Problem statement ->
What you produce should be every line from the data that includes "overall".

Exercise inputs ->

━━━

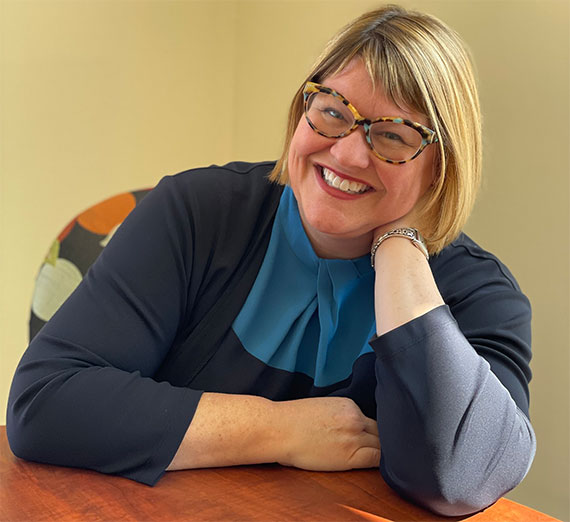 A group of five people stand together in a brightly lit hospital hallway, smiling at the camera. Two wear stethoscopes and medical attire, one wears a Gonzaga University sweatshirt, and others are dressed in casual or professional clothing, representing a mix of students and healthcare professionals.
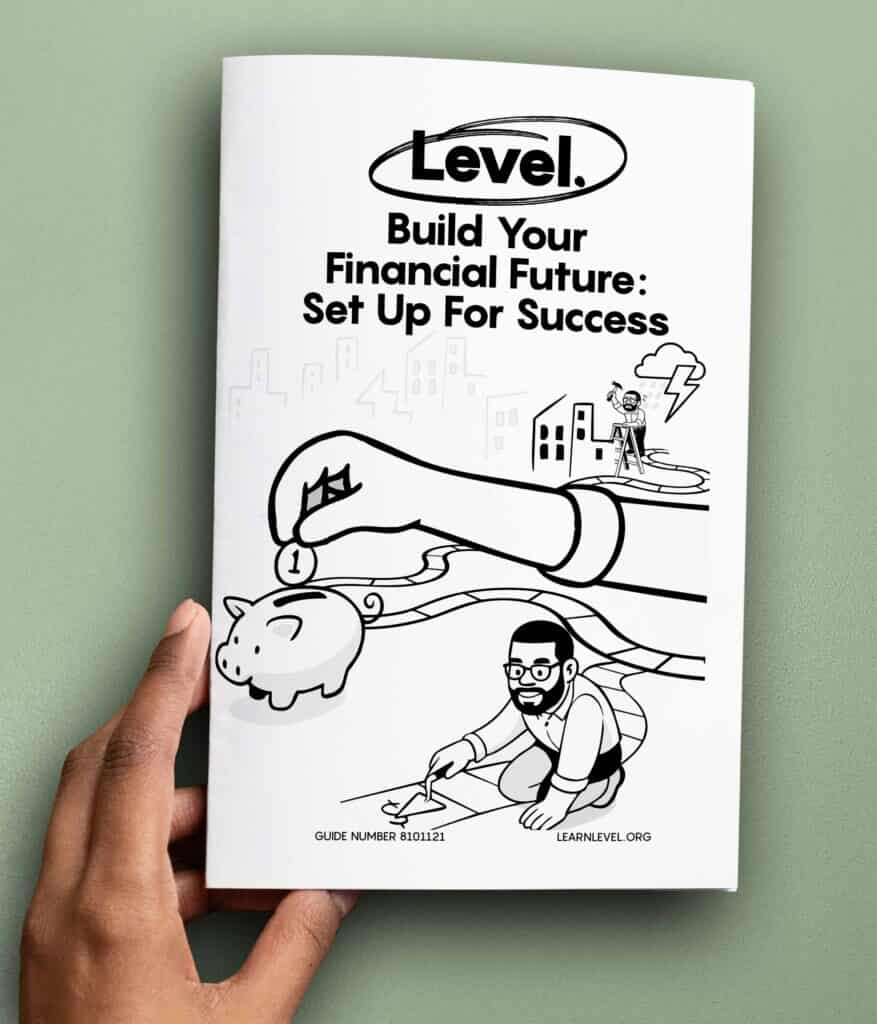 Hand holding a printed version of Level's prison education guide Build Your Financial Future: Set Up For Success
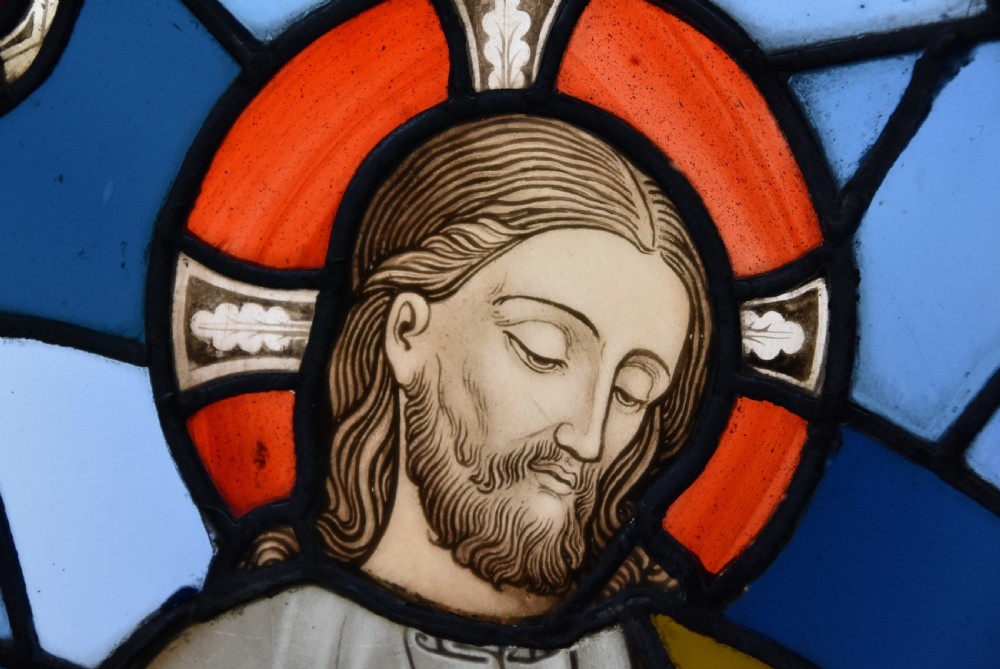 A vertical three-part Victorian Gothic Revival stained glass panel depicting the Ascension of Christ with detailed painted leaded features. View IX
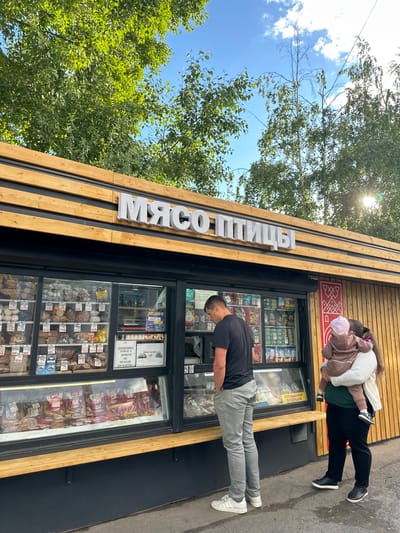 This image captures a street-level view of a small food shop with prominent Cyrillic signage that reads "МЯСО ПТИЦЫ" (Meat Poultry). The shop appears to be a butcher or deli, as the display windows are filled with various food items, including what looks like bread, sausages, and packaged meats, with price tags visible.
Two people are in the foreground. On the right, a person wearing a black t-shirt and grey pants is bending over, possibly looking at or interacting with the shop's display. On the left, a woman is carrying a child on her back. The child is wearing a light-colored jacket and a pink hat.
The shop itself has a modern facade with vertical wooden slats. Above the shop's entrance, there is a red sign with decorative white patterns. The overall scene suggests a sunny day, with dappled sunlight filtering through green trees that frame the top left of the image. The sky is blue with some white clouds. The ground in front of the shop appears to be asphalt or a similar paved surface.
Visible text on the shop windows includes price indications like "365" and "329-", and a sign that says "ПРОВЕРЯЙТЕ ТОВАР И ДЕНЬГИ, НЕ отходя ОТ КАССЫ" (Check goods and money without leaving the checkout). Another sign reads "АКЦИЯ" (Sale/Promotion) and "ОХЛАЖДЕННАЯ ПРОДУКЦИЯ" (Chilled Products).
The overall impression is that of a casual, everyday scene in an urban or suburban setting, likely during daytime.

━━━

Answer area ->
The shop itself has a modern facade with vertical wooden slats. Above the shop's entrance, there is a red sign with decorative white patterns. The overall scene suggests a sunny day, with dappled sunlight filtering through green trees that frame the top left of the image. The sky is blue with some white clouds. The ground in front of the shop appears to be asphalt or a similar paved surface.
The overall impression is that of a casual, everyday scene in an urban or suburban setting, likely during daytime.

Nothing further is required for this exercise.